Chapter | Contents |
1) Introduction | What's the problem you're trying to solve? Argue why your work has a surprising, unexpected result or solves a problem that nobody has solved before or can be proven to work substantially better than any other solution anyone has tried or raises some questions that nobody has thought about before. |
2) Extended Example | Give an example of your system and how it works. |
3) Theory & Rationale | Why are you doing what you're doing? Concisely but comprehensively, what is the prior work that your work is based upon or that your work supercedes? You are justifying your decisions based on prior work and arguing why your approach is needed, but you are not providing a full literature review.
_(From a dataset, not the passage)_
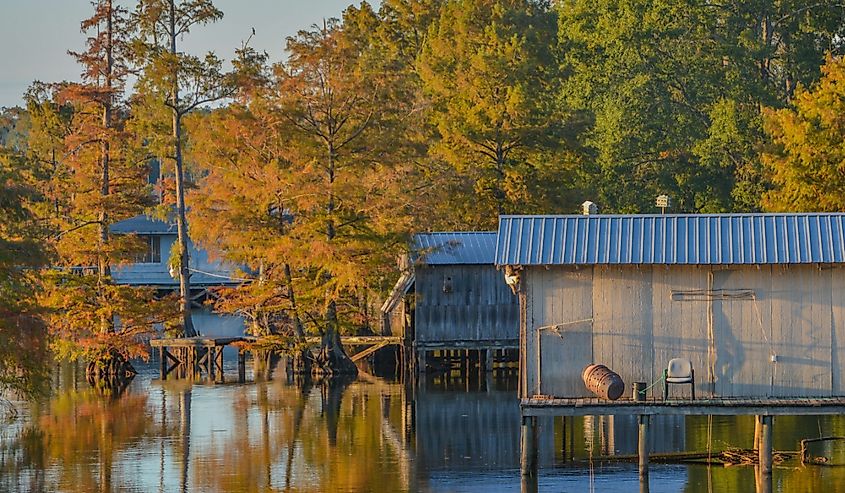 A Boat House among Bald Cypress Trees along the shoreline of Lake D''Arbonne, in Farmerville, Union Parish, Louisiana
Look in the background sections of published papers to see how this compare and contrasting is typically achieved. You are connecting your work to the work of others and setting up your discussion of design decisions in the next section. That said, all the important prior work should be references. You just don't need a summary of each work. Only what makes it relevant. |
4) Design & implementation | How was what you built built and why? What have you improved upon as described in Chapter 3? I |
5) Evaluation | How well does your system actually work with respect to solving the problem you lay out in Chapter 1? Explain this, being extremely carefully in how you document the experiments you have performed. How do you know that what you have created actually works? Analyze the problems that you encountered: both those you solved and those you didn't. |
6) Conclusion | Summarize your main arguments and how you have supported your hypotheses. What would you do differently if you were going to take another pass at this problem. You do not need an extensive section on pie-in-the-sky future work. |
In addition, I would suggest that for a MEng/SM thesis these chapters, in total, should be approximately the length of a long conference paper submission. Extra implementation detail should be included in an extensive set of appendices.